In this problem, the tank is an inverted cone with a total height of 6 feet and a radius of 2 feet. We are interested in the volume of the water when the water level is at 3.5 feet.
First, we need to find the radius of the cone where the water level is 3.5 feet.
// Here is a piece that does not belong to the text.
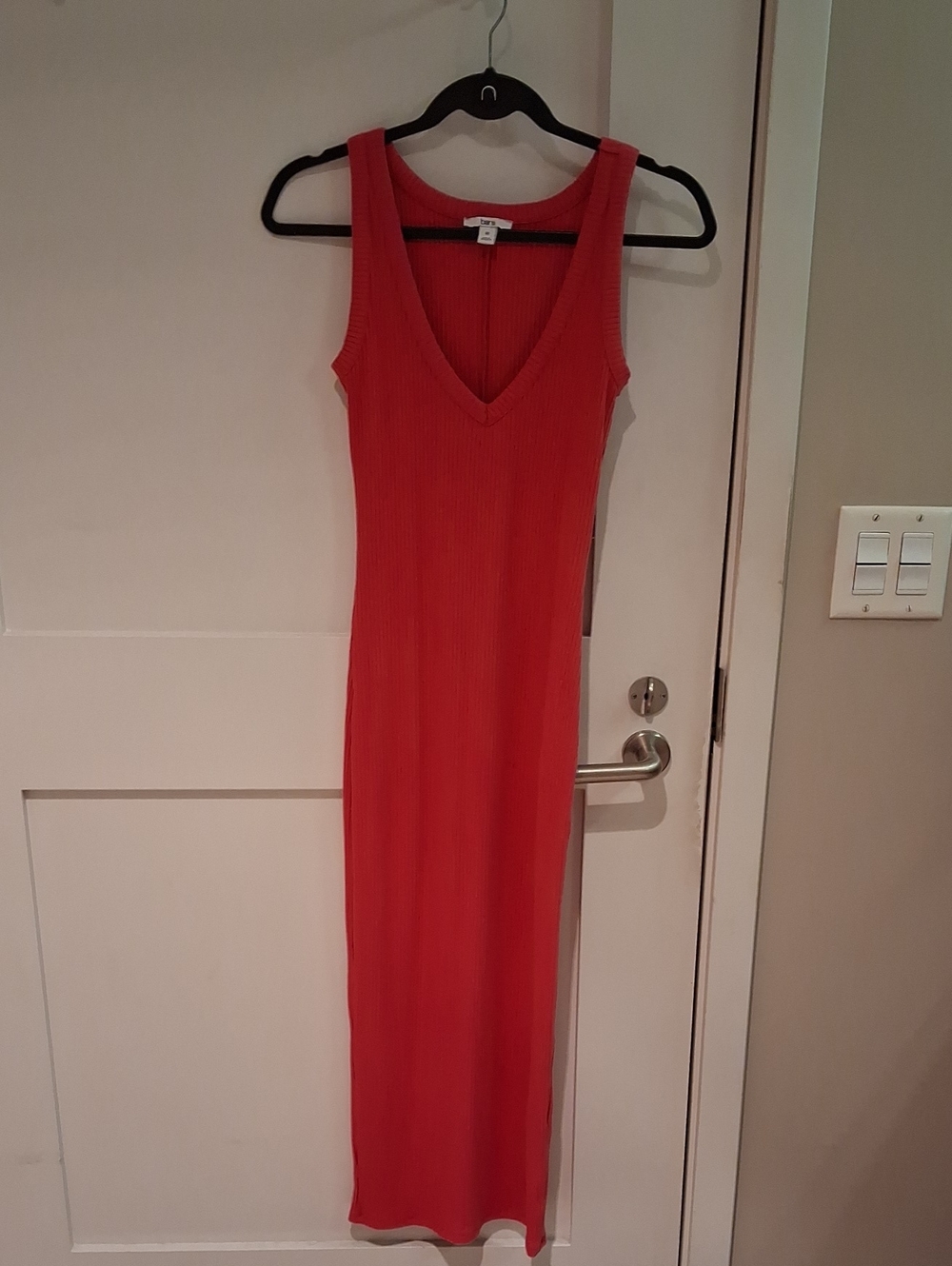 Bar III Ribbed Bodycon Midi Dress Coral Red XS Deep V-Neck Tank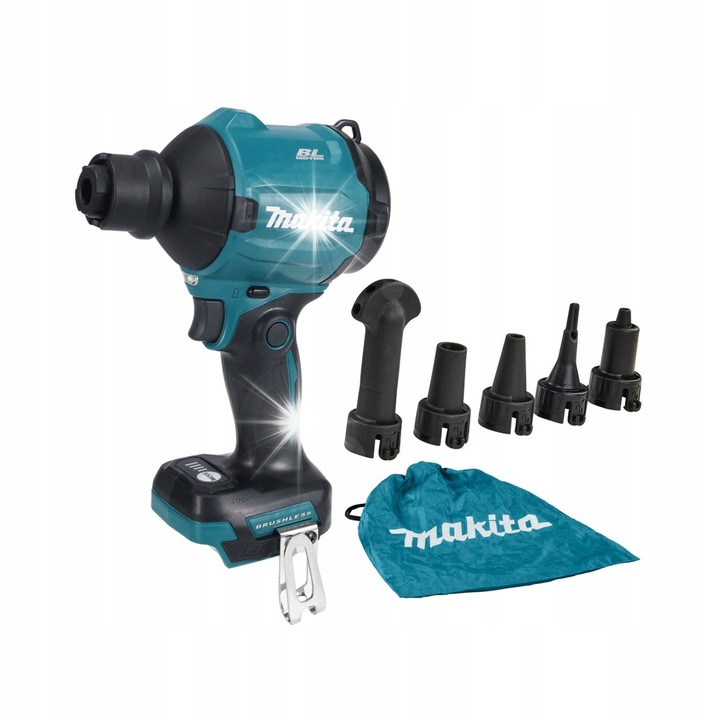 Suflanta cu acumulator Makita DAS180Z, 18V LXT, motor brushless fara perii, 4 trepte putere si reglaj viteza cu tragaci, blocaj pentru functionare continua, include duze, turcoaz/negru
Since the cone is similar at different heights, we can use the ratio of the heights and radii.
Given:
- Full height of the cone, \( H = 6 \) feet
- Full radius of the cone, \( R = 2 \) feet
- Water height, \( h = 3.5 \) feet
We can determine the radius \( r \) of the water surface at height \( h \) using the similarity of triangles:
\[ \frac{r}{R} = \frac{h}{H} \]
Substituting in our values:
\[ \frac{r}{2} = \frac{3.5}{6} \]
Now, solve for \( r \):
\[ r = 2 \cdot \frac{3.5}{6} = 2 \cdot \frac{3.5}{6} = \frac{7}{6} \text{ feet} \]
Now we know that the radius of the water surface is \( \frac{7}{6} \) feet at a height of 3.5 feet.
Next, we can calculate the volume of the water using the volume formula for a cone:
\[ V = \frac{1}{3} \pi r^2 h \]
Substituting in \( r = \frac{7}{6} \) feet and \( h = 3.5 \) feet:
\[ V = \frac{1}{3} \pi \left(\frac{7}{6}\right)^2 (3.5) \]
Calculating \( \left(\frac{7}{6}\right)^2 \):
\[ \left(\frac{7}{6}\right)^2 = \frac{49}{36} \]
Now substituting \( \frac{49}{36} \) back into the volume formula:
\[ V = \frac{1}{3} \pi \left(\frac{49}{36}\right) (3.5) \]
Convert \( 3.5 \) to a fraction:
\[ 3.5 = \frac{7}{2} \]
So we substitute that in:
\[ V = \frac{1}{3} \pi \left(\frac{49}{36}\right) \left(\frac{7}{2}\right) \]
Multiplying:
\[ = \frac{1}{3} \pi \cdot \frac{49 \cdot 7}{36 \cdot 2} \] \[ = \frac{1}{3} \pi \cdot \frac{343}{72} \]
Perform the multiplication with \( \frac{1}{3} \):
\[ = \frac{343 \pi}{216} \]
Thus, the volume of the water in the tank when the water level is 3.5 feet is:
\[ \boxed{\frac{343 \pi}{216}} \text{ cubic feet} \]
If we want to numerically approximate this volume (using \( \pi \approx 3.14159 \)):
\[ V \approx \frac{343 \cdot 3.14159}{216} \approx 5.0 \text{ cubic feet} \text{ (approximately)} \]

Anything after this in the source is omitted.